Information shown

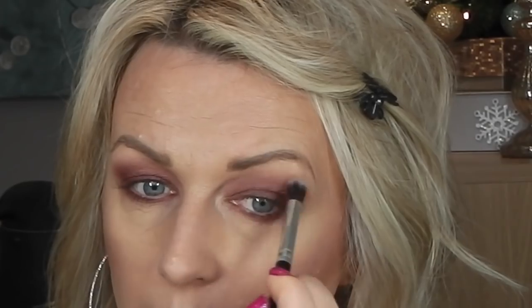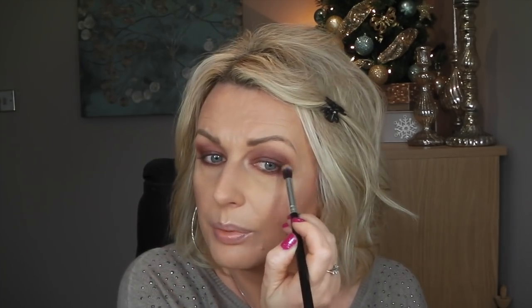Then take a clean blending brush and without anything on it just go over this edge. You can see I'm going quite high with it, almost under my eyebrows, because I really want to see it. Just blend the harsh edges so it looks like smoke going into nothing. Drop your eyes down — you can still see my eyeshadow. If I had only gone down to my crease, you wouldn't see it once you've opened your eyes.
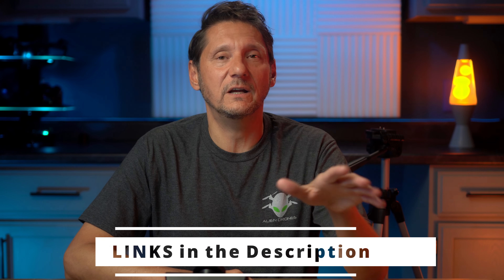Hey guys, thanks for stopping by. Always appreciate it. It's good to see you. If this is your first time here, my name is Keith and this is Alien Drones. I do all types of technology, photography, and drone reviews. And if that's something that's of interest to you, you may want to hit that subscribe button. That'll let you know when there's new content available to you.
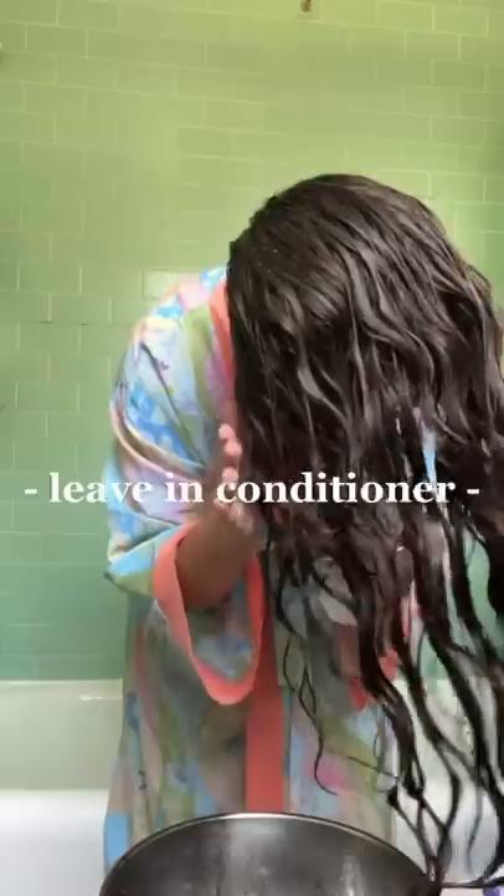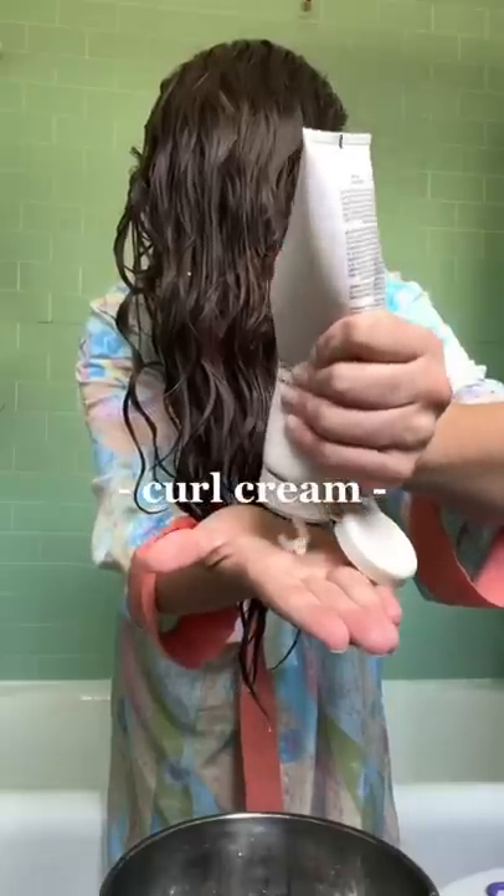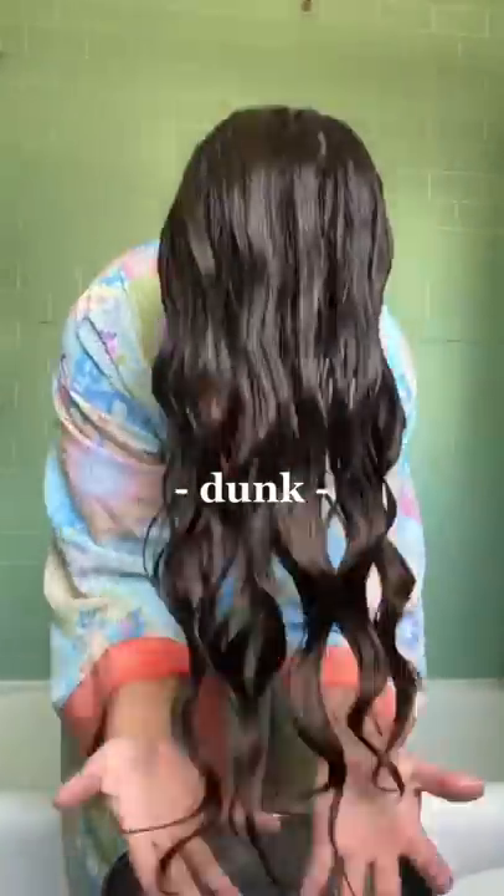Whenever I post a bowl method video, I tend to get some comments saying that it's no different than styling my hair in the shower. At this point, I've tried so many different styling techniques, but I swear nothing compares to the bowl method for me. I get the bounciest, most consistent results with this method, and I'm going to give you a few of the tips that I've learned along the way.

Aim of the task
Please copy the data shown above, line by line and exactly, omitting the images.

Result for this task
Then take a clean blending brush and without anything on it just go over this edge. You can see I'm going quite high with it, almost under my eyebrows, because I really want to see it. Just blend the harsh edges so it looks like smoke going into nothing. Drop your eyes down — you can still see my eyeshadow. If I had only gone down to my crease, you wouldn't see it once you've opened your eyes.
Hey guys, thanks for stopping by. Always appreciate it. It's good to see you. If this is your first time here, my name is Keith and this is Alien Drones. I do all types of technology, photography, and drone reviews. And if that's something that's of interest to you, you may want to hit that subscribe button. That'll let you know when there's new content available to you.
Whenever I post a bowl method video, I tend to get some comments saying that it's no different than styling my hair in the shower. At this point, I've tried so many different styling techniques, but I swear nothing compares to the bowl method for me. I get the bounciest, most consistent results with this method, and I'm going to give you a few of the tips that I've learned along the way.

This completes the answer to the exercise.